After last year’s breach, the town received emergency funding from the government to fix the breakwater, and after the damage this year, replaced the existing beach rock with new armour stone.
It’s a solution that doesn’t leave Perrin feeling confident. That armour stone, he said, is just sitting atop the same beach rock that has been washed away before. Without proper maintenance he fears it’ll wash away again.
“If they’re not monitoring it they could really miss the changes, and we could get into a situation where... we’ve got a major breach and damage to homes.”
Barricading the island behind a wall of armour stone isn’t a realistic solution for the challenges which communities across the province will face over the next 30 years.
Fortunately, Daraio said the thinking is slowly changing. “We’re designing now for the conditions in the future, so that when something happens that’s maybe never happened before… we’re ready for it,” he said.
But while he would like to see towns like C.B.S. create multi-decade plans to update infrastructure for climate resilience, he admitted that’s idealistic.

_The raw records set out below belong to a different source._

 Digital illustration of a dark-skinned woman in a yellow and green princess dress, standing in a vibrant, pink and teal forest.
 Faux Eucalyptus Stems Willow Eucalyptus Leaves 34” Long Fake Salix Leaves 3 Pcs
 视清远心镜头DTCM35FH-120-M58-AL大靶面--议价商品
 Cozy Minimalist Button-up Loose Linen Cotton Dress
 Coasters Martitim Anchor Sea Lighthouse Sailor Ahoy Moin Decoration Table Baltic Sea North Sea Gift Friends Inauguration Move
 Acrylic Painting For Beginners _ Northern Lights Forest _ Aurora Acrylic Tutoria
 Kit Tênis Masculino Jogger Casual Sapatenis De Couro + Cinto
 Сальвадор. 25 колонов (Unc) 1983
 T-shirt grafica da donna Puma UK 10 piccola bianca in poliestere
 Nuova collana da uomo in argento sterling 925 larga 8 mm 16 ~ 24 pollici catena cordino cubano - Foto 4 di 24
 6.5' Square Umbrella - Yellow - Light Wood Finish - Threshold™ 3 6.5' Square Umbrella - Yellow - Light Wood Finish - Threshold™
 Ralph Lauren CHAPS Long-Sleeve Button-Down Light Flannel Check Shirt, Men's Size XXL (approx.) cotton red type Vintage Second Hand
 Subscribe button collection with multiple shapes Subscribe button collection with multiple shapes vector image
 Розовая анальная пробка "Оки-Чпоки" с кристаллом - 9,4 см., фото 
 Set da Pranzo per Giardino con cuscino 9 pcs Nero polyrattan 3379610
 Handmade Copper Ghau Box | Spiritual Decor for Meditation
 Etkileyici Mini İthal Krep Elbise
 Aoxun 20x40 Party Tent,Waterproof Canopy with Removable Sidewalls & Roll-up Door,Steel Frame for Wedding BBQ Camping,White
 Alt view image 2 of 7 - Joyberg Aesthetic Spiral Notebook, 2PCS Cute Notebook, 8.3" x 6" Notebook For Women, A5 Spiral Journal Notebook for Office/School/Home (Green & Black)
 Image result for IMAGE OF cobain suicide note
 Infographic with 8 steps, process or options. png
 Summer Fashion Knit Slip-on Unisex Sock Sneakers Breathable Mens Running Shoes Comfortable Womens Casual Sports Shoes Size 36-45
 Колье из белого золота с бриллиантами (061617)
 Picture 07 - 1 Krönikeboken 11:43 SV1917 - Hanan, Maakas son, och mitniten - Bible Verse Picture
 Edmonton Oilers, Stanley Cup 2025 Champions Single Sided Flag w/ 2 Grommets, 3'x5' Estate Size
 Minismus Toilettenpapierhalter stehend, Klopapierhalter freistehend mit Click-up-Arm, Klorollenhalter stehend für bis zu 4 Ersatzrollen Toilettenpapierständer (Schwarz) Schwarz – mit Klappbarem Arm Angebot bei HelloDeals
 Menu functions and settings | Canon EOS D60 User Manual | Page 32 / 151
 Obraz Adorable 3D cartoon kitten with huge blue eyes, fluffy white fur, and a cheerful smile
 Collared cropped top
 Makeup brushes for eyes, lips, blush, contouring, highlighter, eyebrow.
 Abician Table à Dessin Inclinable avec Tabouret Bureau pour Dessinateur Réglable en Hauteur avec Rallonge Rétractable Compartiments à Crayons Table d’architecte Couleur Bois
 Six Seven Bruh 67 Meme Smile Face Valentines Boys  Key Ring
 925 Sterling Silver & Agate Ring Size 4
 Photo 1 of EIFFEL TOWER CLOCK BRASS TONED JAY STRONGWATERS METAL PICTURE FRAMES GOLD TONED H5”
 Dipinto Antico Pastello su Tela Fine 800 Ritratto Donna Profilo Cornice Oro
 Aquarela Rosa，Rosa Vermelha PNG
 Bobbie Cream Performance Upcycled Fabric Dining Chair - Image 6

“The resources aren’t there for municipalities,” he said, “really just because they don’t have enough money. They don’t have the people.”
Particularly in the case of smaller communities, where local companies bid for contracts on work, some may be hesitant to add the extra costs associated with designing for the future into their proposals, especially when new parameters haven’t been formally implemented into the existing design codes.
In many ways, according to Daraio, the infrastructure response to climate change is one of planned retreat.
“You need to kind of accept that these areas are going to change,” he said. “Some of these areas will be uninhabitable. There’s nothing you can do about it.”
“These are changes that are happening—are going to happen—and we need to confront them.”